Over a year ago I decided to do something different and start shopping for lunch food while I did my regular grocery shopping so I could pack a lunch each workday. It has required quite a bit of organization and creativity, along with some sacrifices, but overall there’s been a lot of benefits. First, the losses.
Bringing Your Lunch Costs Quality Time Bonding With Coworkers
Going out to lunch with your coworkers is one of the best ways to learn more about the people you work with and bond over interests unrelated to your job. Dining out is often a very social experience and the interaction with other people can really help you relieve stress and feel re-energized to finish the day strong.
The last time I went to eat lunch with a coworker was well over a year ago. In the end, eating lunch with coworkers was an expense that I decided to cut. It wasn’t easy but I’ve found ways to still bond with them and align my spending behavior with my budget and financial goals.

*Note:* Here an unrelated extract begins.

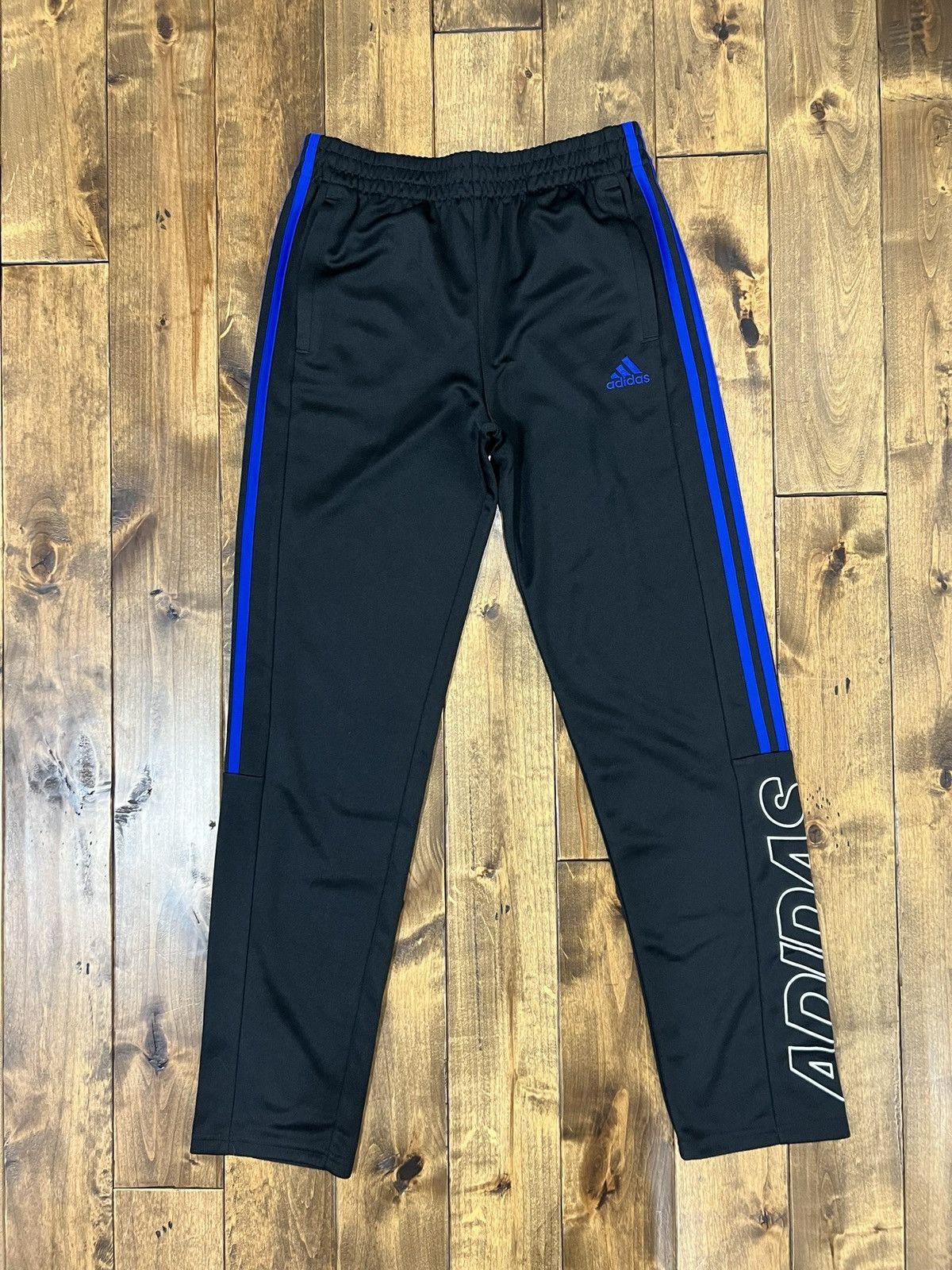Adidas Vintage Adidas Sweatpants Big Letter Font Size US 32 / EU 48 - 1 Thumbnail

Setting Aside Time to Prep Food
Time itself is always something I feel I don’t have enough of, and the more I add to my schedule and list of responsibilities, the less time I have to do things I value and enjoy. In order to bring my lunch to work all the time, I need to prep food constantly. I’m not the type of person to be content with packing the same type of sandwich each day for months. I love a lot of variety in my diet and get bored with certain foods easily so I’m always trying new recipes for my lunches.
I have to make sure I pick up items to eat for lunch when I’m at the grocery store and spend time either in the evening or in the morning (if I’m running late), de-thawing food, cooking batch meals for lunch, and chopping up fruits and vegetables, on top of the prep work I do for dinner. Meal planning helps me stay on top of costs while still injecting a healthy dose of variety into my meals.

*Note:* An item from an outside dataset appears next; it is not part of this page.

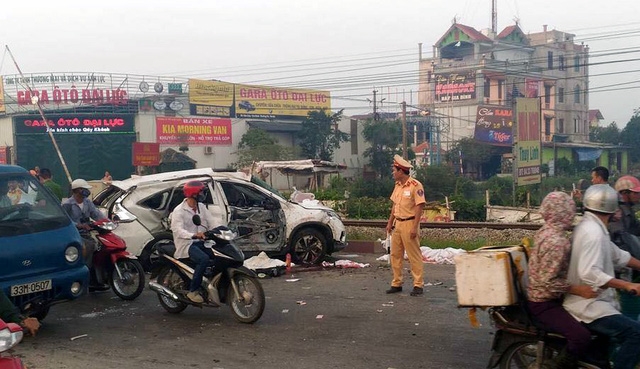 Chiếc &ocirc; t&ocirc; m&agrave;u trắng bị t&ocirc;ng n&aacute;t b&eacute;t.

While I’m sure I could definitely streamline my food prep process, it would still require some time and effort on my end either way. If you’re the same and want help preparing and planning meals, check out $5 Meal Plan for great ideas to get started.
Not Getting to Try Out New Cuisine in the Neighborhood
Sometimes I’m tempted to order food when I hear about a new restaurant opening up in the neighborhood or I get a little jealous when I smell my coworker’s Chipotle bowl just a few feet away. Their guacamole is so delicious. I’m definitely not immune to fear of missing out (FOMO).
There are tons of restaurants near my job with delicious foods and let me be the first to tell you, I tried out most of them last year and got tired of them fast. Sometimes, the food you order just doesn’t turn out all that great, then you feel like you wasted your money. I got tired of going broke for a little temporary satisfaction which is another reason why I started packing my lunch and I haven’t regretted it at all.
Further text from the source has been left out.